Going from Broadcom's sources to wireless card to WPA network

Suresh Govindachar sgovindachar at yahoo.com
Sat Feb 26 17:53:23 UTC 2011


 
 Bruno Wolff III wrote: 
 >On Sat, Feb 26, 2011 at 09:06:25 -0800,
 >  Suresh Govindachar <sgovindachar at yahoo.com> wrote:
 >>Bruno Wolff III wrote: 
 >>>On Sat, Feb 26, 2011 at 15:10:24 +0000,
 >>>  Suresh Govindachar <sgovindachar at yahoo.com> wrote:
 >>>> 
 >>>> But why such an indirect approach when Broadcom supports
 >>>> Linux on:
 >>>> http://www.broadcom.com/support/802.11/linux_sta.php (such
 >>>> support has existed since October 2008.)
 >>>
 >>>Because they don't let people redistribute their firmware.
 >> 
 >> They do;  that's why they have the linux_sta.php page linked
 >> above.
 >
 > That's not what I said. That page is Broadcom distributing
 > the firmware.  They don't let other people do it (at least
 > not without signing a contract).  
 
 Not so;  I have read their licence.txt -- have you?  The
 licence.txt is in simple English (not leaglease) -- it allows
 distribution of the firmware.

 > Hence it can't be in Fedora.

 My original question was why use the indirect approach of
 fwcutter rather than the direct approach of using the stuff
 provided by Broadcom.  The question was _not_ about why
 Broadcom's firmware is not distributed in Fedora.

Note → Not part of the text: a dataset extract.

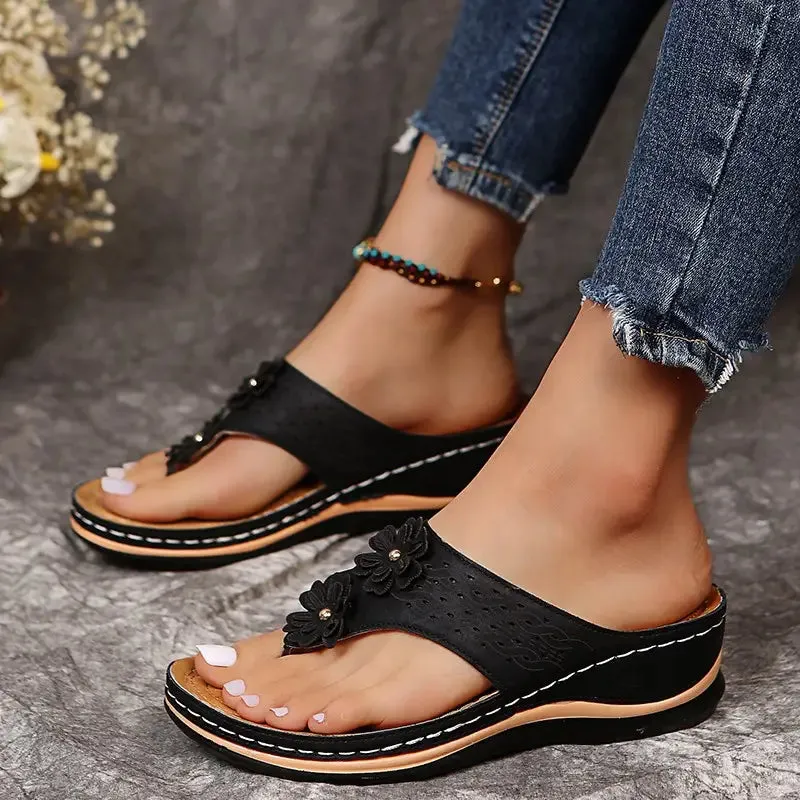 ANGEL™ WOMEN'S FLOWER FLIP FLOPS ORTHO SANDALS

 I think the reason why Broadcom's firmware is not in Fedora is
 because Broadcom does not provide (VHDL, Verilog or whatever)
 source code for the firmware, and Fedora.org wants source code
 for everything in it distributes.
   
 > They don't typically seem to enforce that, as router distros
 > have been doing that for a long time. But that doesn't mean
 > that it is right or wise to do so.
 > 
 > Fedora will include firmware that is freely redistributable
 > (even if it is restricted to being unmodified) in order to
 > have functional hardware support.